[Stored data]

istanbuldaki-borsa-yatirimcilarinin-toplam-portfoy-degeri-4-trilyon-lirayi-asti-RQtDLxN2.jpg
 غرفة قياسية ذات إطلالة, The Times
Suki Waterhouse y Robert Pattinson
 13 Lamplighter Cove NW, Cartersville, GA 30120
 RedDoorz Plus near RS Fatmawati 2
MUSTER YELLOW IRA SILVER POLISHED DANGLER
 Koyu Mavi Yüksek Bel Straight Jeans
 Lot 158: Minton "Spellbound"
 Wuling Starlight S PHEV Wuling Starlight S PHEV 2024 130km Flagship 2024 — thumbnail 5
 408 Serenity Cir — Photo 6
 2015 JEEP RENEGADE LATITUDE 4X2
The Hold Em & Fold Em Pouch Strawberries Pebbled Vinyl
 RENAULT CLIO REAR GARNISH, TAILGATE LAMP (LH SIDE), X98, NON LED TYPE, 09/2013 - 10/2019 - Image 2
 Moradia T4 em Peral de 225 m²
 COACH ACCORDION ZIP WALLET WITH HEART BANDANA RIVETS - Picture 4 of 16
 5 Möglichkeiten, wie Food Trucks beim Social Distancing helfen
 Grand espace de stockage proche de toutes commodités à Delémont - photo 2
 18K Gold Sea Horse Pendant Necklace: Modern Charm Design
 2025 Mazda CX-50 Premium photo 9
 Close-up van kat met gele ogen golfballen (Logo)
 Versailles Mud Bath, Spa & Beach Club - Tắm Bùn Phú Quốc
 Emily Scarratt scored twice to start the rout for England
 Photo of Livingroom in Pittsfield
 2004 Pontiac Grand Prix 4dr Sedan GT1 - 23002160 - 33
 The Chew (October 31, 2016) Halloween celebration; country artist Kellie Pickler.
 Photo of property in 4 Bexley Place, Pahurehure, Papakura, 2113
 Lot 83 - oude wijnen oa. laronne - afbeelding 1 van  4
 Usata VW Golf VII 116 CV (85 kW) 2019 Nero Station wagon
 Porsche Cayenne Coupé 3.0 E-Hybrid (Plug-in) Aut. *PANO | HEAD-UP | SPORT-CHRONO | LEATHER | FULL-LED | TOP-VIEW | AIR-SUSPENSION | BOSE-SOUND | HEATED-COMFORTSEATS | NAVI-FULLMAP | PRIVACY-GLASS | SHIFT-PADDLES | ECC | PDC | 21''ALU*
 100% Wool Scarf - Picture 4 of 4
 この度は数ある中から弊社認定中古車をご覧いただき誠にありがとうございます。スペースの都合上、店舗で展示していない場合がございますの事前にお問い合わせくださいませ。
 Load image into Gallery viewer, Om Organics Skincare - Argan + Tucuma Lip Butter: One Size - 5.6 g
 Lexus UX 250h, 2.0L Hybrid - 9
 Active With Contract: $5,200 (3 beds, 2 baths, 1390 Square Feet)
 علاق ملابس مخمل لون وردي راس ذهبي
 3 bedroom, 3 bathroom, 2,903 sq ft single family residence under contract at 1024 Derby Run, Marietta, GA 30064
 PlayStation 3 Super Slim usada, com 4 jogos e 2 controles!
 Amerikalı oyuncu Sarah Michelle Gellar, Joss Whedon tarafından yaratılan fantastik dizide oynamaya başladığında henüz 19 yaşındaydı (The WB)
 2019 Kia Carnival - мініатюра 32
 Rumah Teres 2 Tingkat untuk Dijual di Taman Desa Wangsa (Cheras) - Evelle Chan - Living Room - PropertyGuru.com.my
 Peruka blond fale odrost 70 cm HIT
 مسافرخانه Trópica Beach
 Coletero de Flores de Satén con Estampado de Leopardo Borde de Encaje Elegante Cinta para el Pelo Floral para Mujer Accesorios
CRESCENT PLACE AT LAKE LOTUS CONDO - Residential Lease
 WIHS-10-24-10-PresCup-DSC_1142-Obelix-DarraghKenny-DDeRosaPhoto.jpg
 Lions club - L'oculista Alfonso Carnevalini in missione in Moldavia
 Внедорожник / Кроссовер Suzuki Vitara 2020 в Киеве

Try it — Write each record above out again exactly as it reads.

Written answer —
istanbuldaki-borsa-yatirimcilarinin-toplam-portfoy-degeri-4-trilyon-lirayi-asti-RQtDLxN2.jpg
 غرفة قياسية ذات إطلالة, The Times
Suki Waterhouse y Robert Pattinson
 13 Lamplighter Cove NW, Cartersville, GA 30120
 RedDoorz Plus near RS Fatmawati 2
MUSTER YELLOW IRA SILVER POLISHED DANGLER
 Koyu Mavi Yüksek Bel Straight Jeans
 Lot 158: Minton "Spellbound"
 Wuling Starlight S PHEV Wuling Starlight S PHEV 2024 130km Flagship 2024 — thumbnail 5
 408 Serenity Cir — Photo 6
 2015 JEEP RENEGADE LATITUDE 4X2
The Hold Em & Fold Em Pouch Strawberries Pebbled Vinyl
 RENAULT CLIO REAR GARNISH, TAILGATE LAMP (LH SIDE), X98, NON LED TYPE, 09/2013 - 10/2019 - Image 2
 Moradia T4 em Peral de 225 m²
 COACH ACCORDION ZIP WALLET WITH HEART BANDANA RIVETS - Picture 4 of 16
 5 Möglichkeiten, wie Food Trucks beim Social Distancing helfen
 Grand espace de stockage proche de toutes commodités à Delémont - photo 2
 18K Gold Sea Horse Pendant Necklace: Modern Charm Design
 2025 Mazda CX-50 Premium photo 9
 Close-up van kat met gele ogen golfballen (Logo)
 Versailles Mud Bath, Spa & Beach Club - Tắm Bùn Phú Quốc
 Emily Scarratt scored twice to start the rout for England
 Photo of Livingroom in Pittsfield
 2004 Pontiac Grand Prix 4dr Sedan GT1 - 23002160 - 33
 The Chew (October 31, 2016) Halloween celebration; country artist Kellie Pickler.
 Photo of property in 4 Bexley Place, Pahurehure, Papakura, 2113
 Lot 83 - oude wijnen oa. laronne - afbeelding 1 van  4
 Usata VW Golf VII 116 CV (85 kW) 2019 Nero Station wagon
 Porsche Cayenne Coupé 3.0 E-Hybrid (Plug-in) Aut. *PANO | HEAD-UP | SPORT-CHRONO | LEATHER | FULL-LED | TOP-VIEW | AIR-SUSPENSION | BOSE-SOUND | HEATED-COMFORTSEATS | NAVI-FULLMAP | PRIVACY-GLASS | SHIFT-PADDLES | ECC | PDC | 21''ALU*
 100% Wool Scarf - Picture 4 of 4
 この度は数ある中から弊社認定中古車をご覧いただき誠にありがとうございます。スペースの都合上、店舗で展示していない場合がございますの事前にお問い合わせくださいませ。
 Load image into Gallery viewer, Om Organics Skincare - Argan + Tucuma Lip Butter: One Size - 5.6 g
 Lexus UX 250h, 2.0L Hybrid - 9
 Active With Contract: $5,200 (3 beds, 2 baths, 1390 Square Feet)
 علاق ملابس مخمل لون وردي راس ذهبي
 3 bedroom, 3 bathroom, 2,903 sq ft single family residence under contract at 1024 Derby Run, Marietta, GA 30064
 PlayStation 3 Super Slim usada, com 4 jogos e 2 controles!
 Amerikalı oyuncu Sarah Michelle Gellar, Joss Whedon tarafından yaratılan fantastik dizide oynamaya başladığında henüz 19 yaşındaydı (The WB)
 2019 Kia Carnival - мініатюра 32
 Rumah Teres 2 Tingkat untuk Dijual di Taman Desa Wangsa (Cheras) - Evelle Chan - Living Room - PropertyGuru.com.my
 Peruka blond fale odrost 70 cm HIT
 مسافرخانه Trópica Beach
 Coletero de Flores de Satén con Estampado de Leopardo Borde de Encaje Elegante Cinta para el Pelo Floral para Mujer Accesorios
CRESCENT PLACE AT LAKE LOTUS CONDO - Residential Lease
 WIHS-10-24-10-PresCup-DSC_1142-Obelix-DarraghKenny-DDeRosaPhoto.jpg
 Lions club - L'oculista Alfonso Carnevalini in missione in Moldavia
 Внедорожник / Кроссовер Suzuki Vitara 2020 в Киеве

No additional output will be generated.